Tabrizi: Let’s say we are working with a massive retailer. Again, the first question is always what are our use cases? For example, we need to understand our customers better, or we need to create a better search algorithm, or we need to improve our loyalty program. There are a lot of different use cases that people have. But the same set of data that is going to help you develop deep behavioral segmentation of your customers is the same data that will help your customers, help you understand their price sensitivity or promotion affinity, and help you build a proper loyalty program. Instead of thinking about them as siloed, you really look at the ecosystem of different use cases that you have. There’s data, your raw data, that needs to be available and consistent. There are pillars when it comes to actually thinking about your information architecture, from your ingestion to identity resolution to the availability of data to governance systems and mechanisms around it. Within and informed by those pillars, you look at your use cases and identify 10 different priorities. Within the context of those use cases, you go back to your pillars, and very iteratively and in an agile way, try to understand what we are prioritizing differently and what actions can you take to make sure the data is available, consistent, accurate, and properly governed. Finally, you have to think about who is using the data and whether or not they have the tools to use it properly so that there are no negative unintended consequences. 

Stevens: What do you expect to be the biggest opportunities and challenges to using consumer data in the future?

Tabrizi: The two biggest challenges will be data security and privacy. It is very important to have proper considerations with the policies and framework around data. There are also more technical challenges when it comes to online and digital, as the amount of data that you can collect is exponentially more than the transactional or product data that you can collect through a point-of-sale (POS) system. People have to think about consistently making different kinds of data collected through different sources available. And that data needs to speak to each other to create a proper 360-degree view of customers.

Stevens: How can businesses use a data strategy to not only increase efficiency and profitability but also promote social good?

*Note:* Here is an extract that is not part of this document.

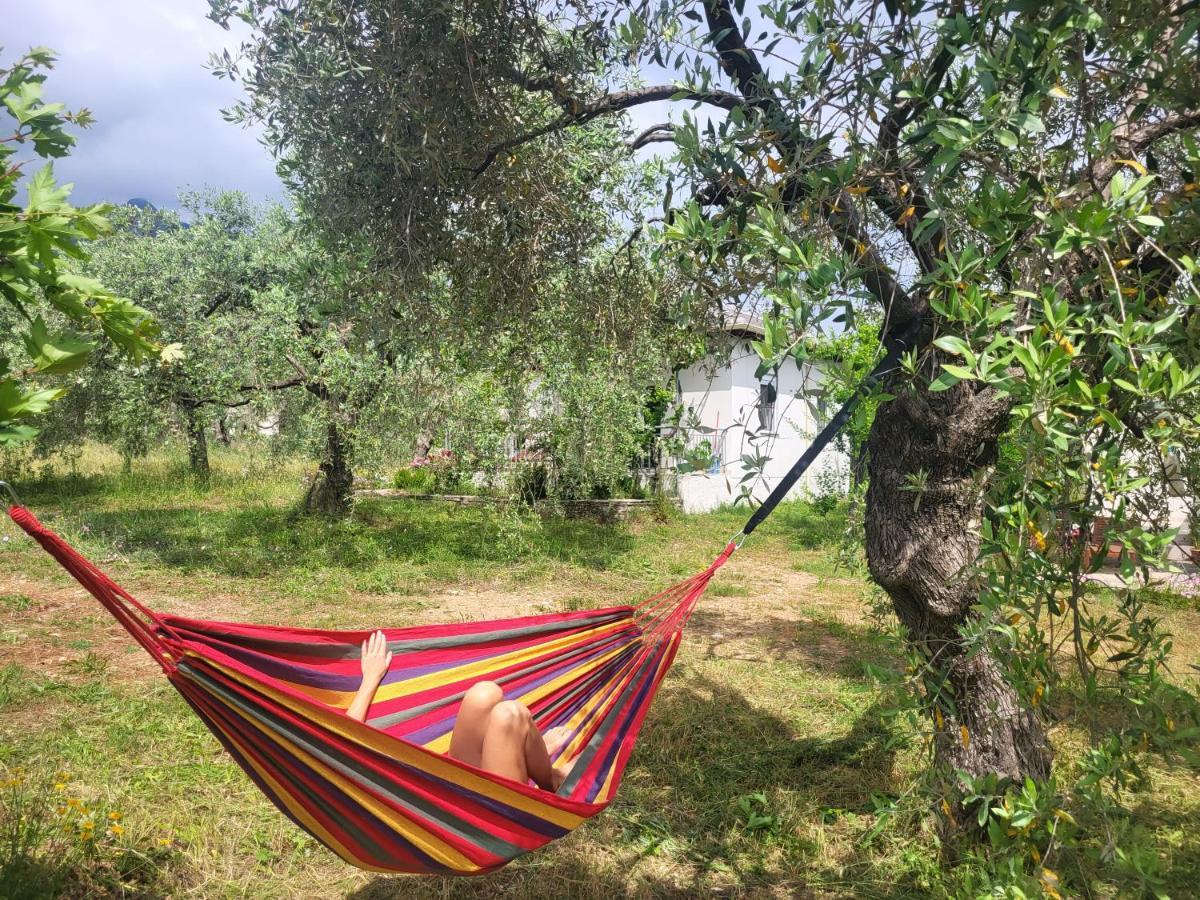Holiday home Ioannis - Gemuetliches Im Olivenhain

Tabrizi: Start by asking the right questions and really examining any assumptions and KPIs (key performance indicators) you want to maximize or optimize. I don’t think any organization is just purely evil or thinking only about how to maximize profit. Profit is a very important KPI for businesses but in order to become profitable, you have to make sure you retain your customer. Businesses will be much more profitable if they take care to make sure their customers are happy instead of extracting the last marginal dollar from their customers. In order to make customers happy, you need to ease their shopping experience and remove any obstacles or barriers in their way. There are a lot of ways that businesses can use data to understand barriers and frictions and identify places they can do a better job. In order to truly become profitable, you have to have longevity, and in order to have longevity, you need to have your customers. That said, there are a lot of unfortunate biases and ways in which data is not used properly. That’s why I always advocate for going after asking the right questions because if you start with the right question, the odds are at least you have a higher probability of success.